(Image Courtesy of XKCD)
I messaged my programming buddy the other night about creating a server side API for the chat module I’m currently developing for our game. He replies back that he is fairly drunk and that he may or may not make any sense if we get into it. A heated discussion follows while we discuss how the implementation details of the API. Eventually we decided that there was a bit too much alcohol involved and we will pick this back up tomorrow.
It got me thinking back to various jokes about drunk programming , and how the right level of drunk makes for some very productive coding. I decided it was worth putting it to the test on a Saturday night. I grabbed a glass, poured a few shots of vodka into it and filled the rest with OJ, sat down and started work on the chat module.
It was a pretty mundane process since all I was doing was your typical refactoring work.
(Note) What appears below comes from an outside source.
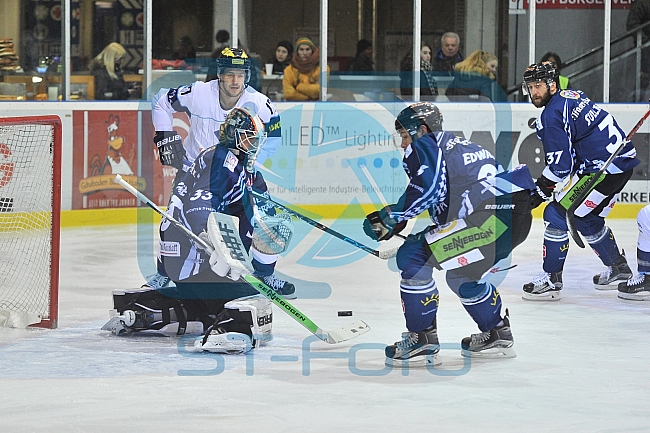 Straubing Tigers vs ERC Ingolstadt, Eishockey, DEL, Deutsche Eishockey Liga, Spieltag 28, 18.12.2016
I found myself on youtube more than in visual studio. As the vodka started to take effect, I began to spend less time watching videos and more time in Visual Studio. This continued till I completed my task, as I looked back at my work I couldn’t help but think of myself as a wizard as I evaluated my meticulously commented and structured design.
I ended up making a few types, rewriting all of the methods for the chat box as well as creating a fully commented public API for the serializer in record time. I looked back at my work and couldn’t help but think of myself as a wizard as I evaluated my meticulously commented and structured design.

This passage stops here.